> [The problem]
Apart from the images, every record below must be given again without alteration.

> [Data to examine]
★ ★ ★ ★ ★

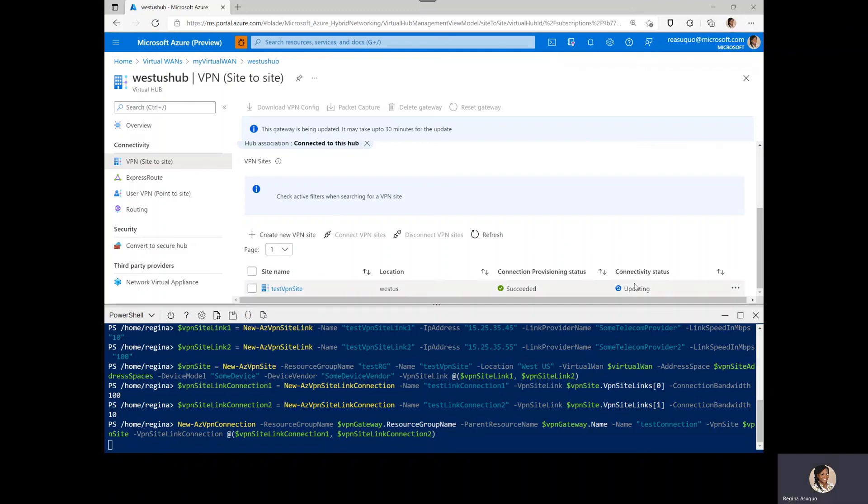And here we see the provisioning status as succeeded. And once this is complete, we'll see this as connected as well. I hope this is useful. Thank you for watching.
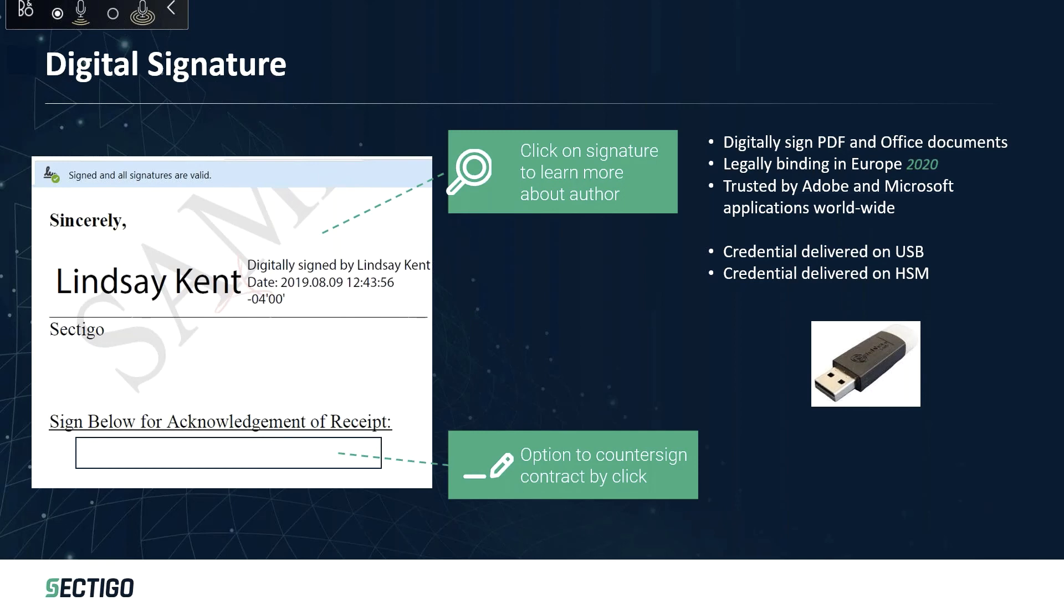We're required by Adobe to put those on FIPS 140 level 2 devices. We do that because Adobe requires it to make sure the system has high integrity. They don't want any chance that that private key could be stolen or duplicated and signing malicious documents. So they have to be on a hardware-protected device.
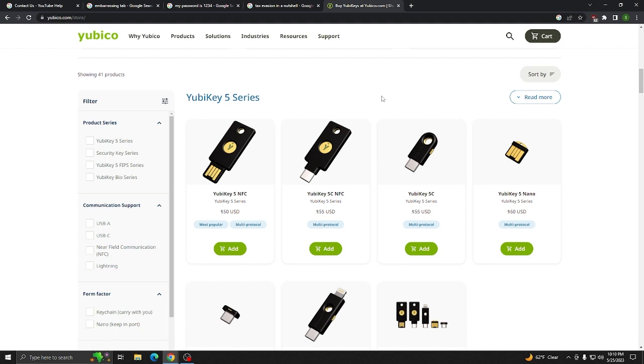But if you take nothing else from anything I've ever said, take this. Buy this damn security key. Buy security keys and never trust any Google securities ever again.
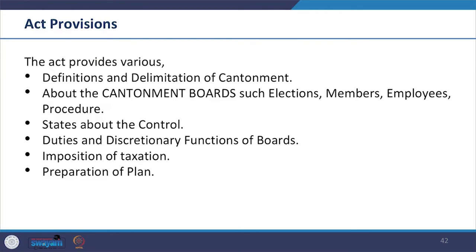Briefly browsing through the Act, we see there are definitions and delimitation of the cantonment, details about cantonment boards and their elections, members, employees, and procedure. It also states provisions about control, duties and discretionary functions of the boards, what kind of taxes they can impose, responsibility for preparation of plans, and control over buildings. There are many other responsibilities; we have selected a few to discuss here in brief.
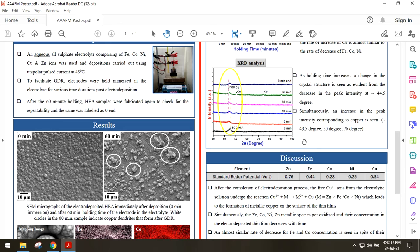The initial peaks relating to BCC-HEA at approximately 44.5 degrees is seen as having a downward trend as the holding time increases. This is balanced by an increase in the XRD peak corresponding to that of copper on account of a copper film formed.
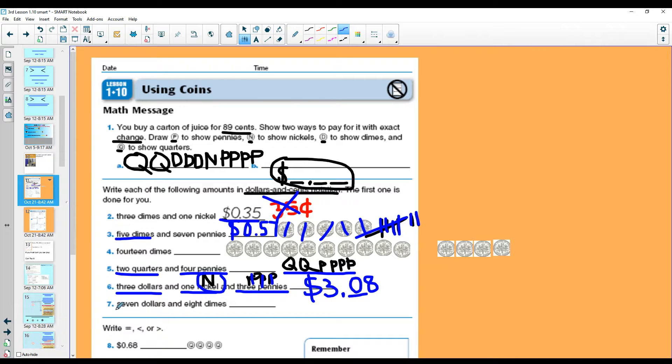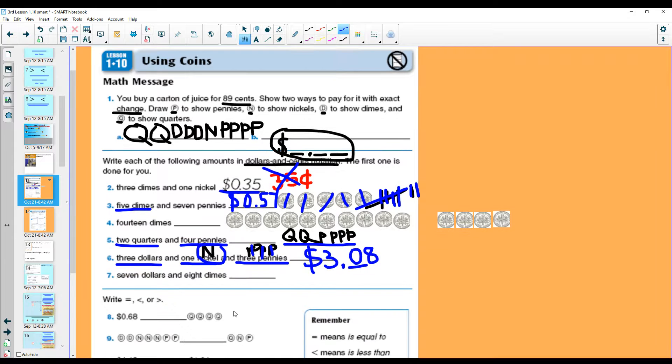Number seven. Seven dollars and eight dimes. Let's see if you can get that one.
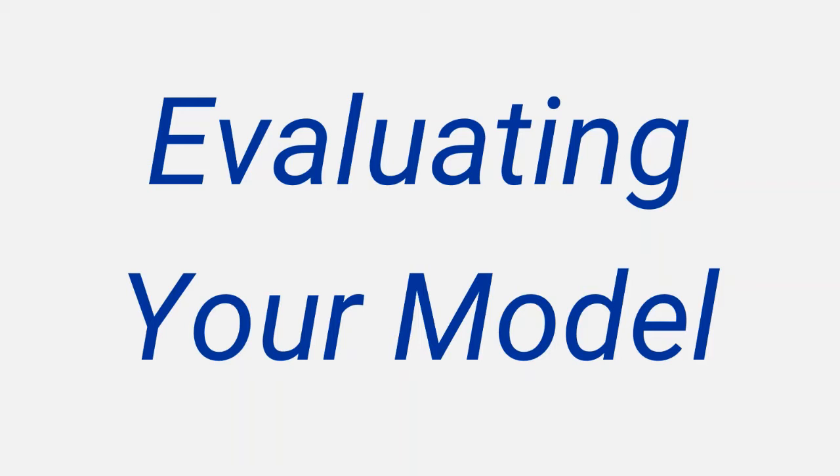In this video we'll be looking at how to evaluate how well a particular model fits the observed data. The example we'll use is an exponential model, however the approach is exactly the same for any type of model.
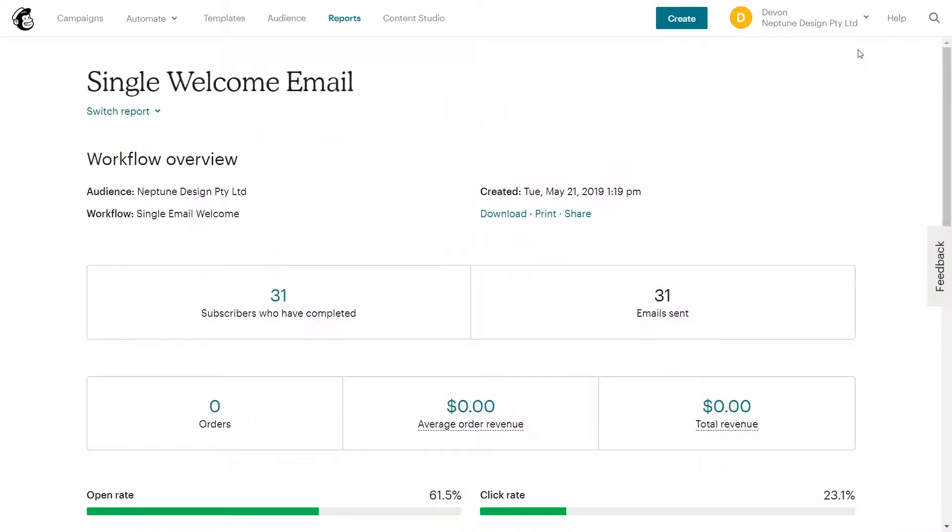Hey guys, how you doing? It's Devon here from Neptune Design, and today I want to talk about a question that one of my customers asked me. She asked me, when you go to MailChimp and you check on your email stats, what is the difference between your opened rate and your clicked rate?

★ ★ ★ ★ ★

> [Task response]
And here we see the provisioning status as succeeded. And once this is complete, we'll see this as connected as well. I hope this is useful. Thank you for watching.
We're required by Adobe to put those on FIPS 140 level 2 devices. We do that because Adobe requires it to make sure the system has high integrity. They don't want any chance that that private key could be stolen or duplicated and signing malicious documents. So they have to be on a hardware-protected device.
But if you take nothing else from anything I've ever said, take this. Buy this damn security key. Buy security keys and never trust any Google securities ever again.
Briefly browsing through the Act, we see there are definitions and delimitation of the cantonment, details about cantonment boards and their elections, members, employees, and procedure. It also states provisions about control, duties and discretionary functions of the boards, what kind of taxes they can impose, responsibility for preparation of plans, and control over buildings. There are many other responsibilities; we have selected a few to discuss here in brief.
The initial peaks relating to BCC-HEA at approximately 44.5 degrees is seen as having a downward trend as the holding time increases. This is balanced by an increase in the XRD peak corresponding to that of copper on account of a copper film formed.
Number seven. Seven dollars and eight dimes. Let's see if you can get that one.
In this video we'll be looking at how to evaluate how well a particular model fits the observed data. The example we'll use is an exponential model, however the approach is exactly the same for any type of model.
Hey guys, how you doing? It's Devon here from Neptune Design, and today I want to talk about a question that one of my customers asked me. She asked me, when you go to MailChimp and you check on your email stats, what is the difference between your opened rate and your clicked rate?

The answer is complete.